LA MAGIA DEL PALCOSCENICO: UN’ORBITA MISTERIOSA CHE TRASFORMA I MOTIVI DI FIANCO NELLA CURA DELLO SPIRITO
«Oh, chi avesse visto l’imbacuccata regina correre a piedi nudi qua e là minacciando le fiamme con occhi pieni di lacrime! Uno straccio sopra la testa dove poc’anzi un diadema posava e come abito, sui fianchi, resi esausti dal parto e scarni, una coperta afferrata con paura durante l’assalto. Chi avesse visto questo, con la lingua intrisa nel veleno, avrebbe imprecato contro il tradimento empio della fortuna. Se gli Déi stessi avessero sentita, quando vide Pirro rovistare con la spada, per maligno gioco, tra le membra di suo marito, l’urlo disperato che le eruppe dal petto! Se cosa mortale può commuovere gli Eterni, avrebbe versato latte nei brucianti occhi del cielo».

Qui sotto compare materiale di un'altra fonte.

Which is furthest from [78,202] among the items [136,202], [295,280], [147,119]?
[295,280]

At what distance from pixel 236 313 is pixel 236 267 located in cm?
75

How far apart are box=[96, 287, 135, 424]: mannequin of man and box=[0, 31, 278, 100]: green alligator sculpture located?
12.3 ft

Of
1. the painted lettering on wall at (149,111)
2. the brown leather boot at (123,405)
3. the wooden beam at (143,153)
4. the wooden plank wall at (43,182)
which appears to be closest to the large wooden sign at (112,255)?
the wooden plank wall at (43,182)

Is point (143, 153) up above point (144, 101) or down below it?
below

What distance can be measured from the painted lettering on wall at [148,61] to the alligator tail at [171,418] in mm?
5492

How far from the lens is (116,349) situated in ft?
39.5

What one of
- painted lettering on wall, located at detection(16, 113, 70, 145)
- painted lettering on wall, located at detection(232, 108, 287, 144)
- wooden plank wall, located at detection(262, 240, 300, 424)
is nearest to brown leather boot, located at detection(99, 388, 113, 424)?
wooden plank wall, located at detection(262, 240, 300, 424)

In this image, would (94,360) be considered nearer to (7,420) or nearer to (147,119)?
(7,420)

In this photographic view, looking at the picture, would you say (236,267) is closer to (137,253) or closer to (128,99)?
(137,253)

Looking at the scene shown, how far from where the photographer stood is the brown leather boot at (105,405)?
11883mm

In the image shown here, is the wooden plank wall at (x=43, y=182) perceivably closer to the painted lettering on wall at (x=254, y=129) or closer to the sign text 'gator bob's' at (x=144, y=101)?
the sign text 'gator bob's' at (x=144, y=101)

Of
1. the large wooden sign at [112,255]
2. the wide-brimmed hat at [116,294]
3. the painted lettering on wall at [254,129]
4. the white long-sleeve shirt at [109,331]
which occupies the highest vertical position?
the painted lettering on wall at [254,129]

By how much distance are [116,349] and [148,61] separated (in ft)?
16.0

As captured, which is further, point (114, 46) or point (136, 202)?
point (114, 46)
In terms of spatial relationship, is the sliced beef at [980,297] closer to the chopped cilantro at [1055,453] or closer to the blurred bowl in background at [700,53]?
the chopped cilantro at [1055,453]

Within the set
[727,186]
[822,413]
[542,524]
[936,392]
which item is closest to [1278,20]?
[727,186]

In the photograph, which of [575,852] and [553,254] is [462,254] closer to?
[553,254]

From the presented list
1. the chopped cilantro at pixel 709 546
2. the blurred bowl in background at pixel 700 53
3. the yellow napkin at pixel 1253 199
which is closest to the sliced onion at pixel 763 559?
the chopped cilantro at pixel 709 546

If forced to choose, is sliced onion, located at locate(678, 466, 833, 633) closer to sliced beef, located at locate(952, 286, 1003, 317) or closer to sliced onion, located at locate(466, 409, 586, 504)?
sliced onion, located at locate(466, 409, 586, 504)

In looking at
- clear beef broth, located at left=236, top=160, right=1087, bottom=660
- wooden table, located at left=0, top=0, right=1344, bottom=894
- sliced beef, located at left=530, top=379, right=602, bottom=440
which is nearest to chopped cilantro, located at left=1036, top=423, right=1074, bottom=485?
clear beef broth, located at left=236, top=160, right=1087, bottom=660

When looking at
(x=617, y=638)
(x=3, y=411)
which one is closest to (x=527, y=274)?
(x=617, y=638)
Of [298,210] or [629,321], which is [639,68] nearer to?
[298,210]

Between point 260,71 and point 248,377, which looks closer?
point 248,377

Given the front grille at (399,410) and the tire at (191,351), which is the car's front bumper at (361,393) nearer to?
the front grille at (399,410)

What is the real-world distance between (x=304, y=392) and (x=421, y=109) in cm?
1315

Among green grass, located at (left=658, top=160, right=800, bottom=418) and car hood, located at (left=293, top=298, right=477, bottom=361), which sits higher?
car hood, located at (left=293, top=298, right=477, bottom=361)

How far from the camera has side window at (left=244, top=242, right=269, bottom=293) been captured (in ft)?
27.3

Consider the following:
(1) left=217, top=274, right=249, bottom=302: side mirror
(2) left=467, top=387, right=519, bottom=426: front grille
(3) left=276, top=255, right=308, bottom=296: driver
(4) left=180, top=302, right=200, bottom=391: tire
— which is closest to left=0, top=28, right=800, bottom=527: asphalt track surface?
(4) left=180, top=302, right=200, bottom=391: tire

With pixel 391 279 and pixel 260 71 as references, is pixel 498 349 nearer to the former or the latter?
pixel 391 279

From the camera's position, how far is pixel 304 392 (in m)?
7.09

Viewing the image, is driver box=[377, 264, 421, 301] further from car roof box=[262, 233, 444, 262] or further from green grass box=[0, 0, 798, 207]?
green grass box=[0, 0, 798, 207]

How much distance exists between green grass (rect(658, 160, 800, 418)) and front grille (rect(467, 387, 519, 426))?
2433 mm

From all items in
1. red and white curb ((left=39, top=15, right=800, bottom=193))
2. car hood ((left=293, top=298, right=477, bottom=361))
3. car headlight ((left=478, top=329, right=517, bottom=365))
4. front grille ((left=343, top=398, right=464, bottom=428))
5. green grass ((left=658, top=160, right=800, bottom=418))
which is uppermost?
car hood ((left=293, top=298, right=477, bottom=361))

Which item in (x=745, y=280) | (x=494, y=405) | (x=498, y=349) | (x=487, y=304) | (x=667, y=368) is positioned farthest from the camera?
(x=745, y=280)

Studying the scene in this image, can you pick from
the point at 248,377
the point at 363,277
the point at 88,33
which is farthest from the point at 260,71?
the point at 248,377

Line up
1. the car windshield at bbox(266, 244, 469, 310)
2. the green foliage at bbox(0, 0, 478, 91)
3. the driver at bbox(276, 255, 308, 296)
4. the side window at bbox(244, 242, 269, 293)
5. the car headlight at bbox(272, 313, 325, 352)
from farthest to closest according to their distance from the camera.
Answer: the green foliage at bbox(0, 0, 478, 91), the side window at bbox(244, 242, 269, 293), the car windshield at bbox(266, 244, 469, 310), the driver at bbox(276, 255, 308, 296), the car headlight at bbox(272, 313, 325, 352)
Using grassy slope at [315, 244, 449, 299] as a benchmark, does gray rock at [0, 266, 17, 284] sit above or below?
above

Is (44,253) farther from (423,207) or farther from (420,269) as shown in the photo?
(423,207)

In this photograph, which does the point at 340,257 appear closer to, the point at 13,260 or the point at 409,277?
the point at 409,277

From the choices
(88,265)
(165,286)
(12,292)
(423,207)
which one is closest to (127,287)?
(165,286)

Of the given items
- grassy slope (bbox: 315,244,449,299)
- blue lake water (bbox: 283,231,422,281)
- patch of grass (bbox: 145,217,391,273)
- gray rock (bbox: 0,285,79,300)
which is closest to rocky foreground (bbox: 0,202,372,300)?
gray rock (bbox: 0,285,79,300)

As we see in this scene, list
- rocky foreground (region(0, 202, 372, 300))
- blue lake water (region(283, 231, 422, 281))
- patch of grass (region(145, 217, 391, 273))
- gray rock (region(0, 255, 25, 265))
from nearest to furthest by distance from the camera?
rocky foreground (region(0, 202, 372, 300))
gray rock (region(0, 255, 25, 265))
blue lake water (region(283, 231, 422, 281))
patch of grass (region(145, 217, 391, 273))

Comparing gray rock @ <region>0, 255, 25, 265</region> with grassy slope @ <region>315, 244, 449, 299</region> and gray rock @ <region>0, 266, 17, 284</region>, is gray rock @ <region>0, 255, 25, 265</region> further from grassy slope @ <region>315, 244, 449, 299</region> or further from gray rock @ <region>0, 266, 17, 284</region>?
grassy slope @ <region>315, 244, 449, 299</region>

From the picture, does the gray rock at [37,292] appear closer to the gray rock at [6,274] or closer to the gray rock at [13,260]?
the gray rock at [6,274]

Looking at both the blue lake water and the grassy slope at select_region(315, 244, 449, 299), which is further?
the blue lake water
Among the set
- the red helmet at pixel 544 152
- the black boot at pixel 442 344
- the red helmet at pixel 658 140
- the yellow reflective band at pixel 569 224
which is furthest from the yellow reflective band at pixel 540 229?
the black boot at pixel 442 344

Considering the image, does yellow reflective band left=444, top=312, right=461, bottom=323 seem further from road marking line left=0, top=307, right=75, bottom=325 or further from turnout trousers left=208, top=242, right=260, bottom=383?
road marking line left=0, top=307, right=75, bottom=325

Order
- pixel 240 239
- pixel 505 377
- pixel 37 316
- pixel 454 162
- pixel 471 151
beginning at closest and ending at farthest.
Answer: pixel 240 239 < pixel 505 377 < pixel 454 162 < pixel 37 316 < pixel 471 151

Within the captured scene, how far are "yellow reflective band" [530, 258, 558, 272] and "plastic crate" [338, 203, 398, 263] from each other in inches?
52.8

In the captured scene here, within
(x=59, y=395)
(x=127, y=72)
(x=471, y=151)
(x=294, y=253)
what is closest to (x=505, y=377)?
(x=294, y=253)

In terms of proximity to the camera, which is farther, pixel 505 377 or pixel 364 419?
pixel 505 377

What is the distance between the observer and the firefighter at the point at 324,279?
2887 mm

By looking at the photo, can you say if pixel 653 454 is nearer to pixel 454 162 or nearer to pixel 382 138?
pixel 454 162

È questo il monologo, che pone in risalto la disperazione della regina Ecuba dinanzi all’agonia del marito Priamo, barbaramente ucciso dal nemico Pirro, con cui l’intenso ed erudito capocomico presente nella tragedia shakespeariana di Amleto spinge l’omonimo principe di Danimarca a riflettere sulla forza persuasiva della recitazione. Impreziosita dall’aderenza ai sentimenti altrui. Dalla capacità di snudare l’anima ed esprimere l’umana pietas insita nei meandri dello spirito in perenne lotta con la materia. Le parole al riguardo dello stesso Amleto, quando prende piena coscienza dell’inimmaginabile dose di trascinante empatia connessa all’ammirevole trasporto immedesimativo, sono ancor più rilevanti ed emblematiche:
«Non è mostruoso che questo attore, per una finzione, in un sogno di passione, possa sottomettere l’anima alla sua immaginazione. Al punto tale che il volto gli si è sbiancato. Con le lacrime agli occhi. Gli si è stravolto l’aspetto. Gli si è spezzata la voce. E ogni sua facoltà dà forma a sentimenti suggeriti. E tutto per niente! Per Ecuba! Cos’è Ecuba per lui e lui per Ecuba che debba piangere in quel modo? Che farebbe se avesse i motivi e la spinta per le passioni che c’è in me? Certo lui inonderebbe la scena di lacrime. Strazierebbe le orecchie di tutti con grida orribili. Farebbe impazzire i colpevoli, inorridire gli innocenti, confondere gli ignoranti. E lascerebbe sgomenti in tutti gli altri la vista e l’udito».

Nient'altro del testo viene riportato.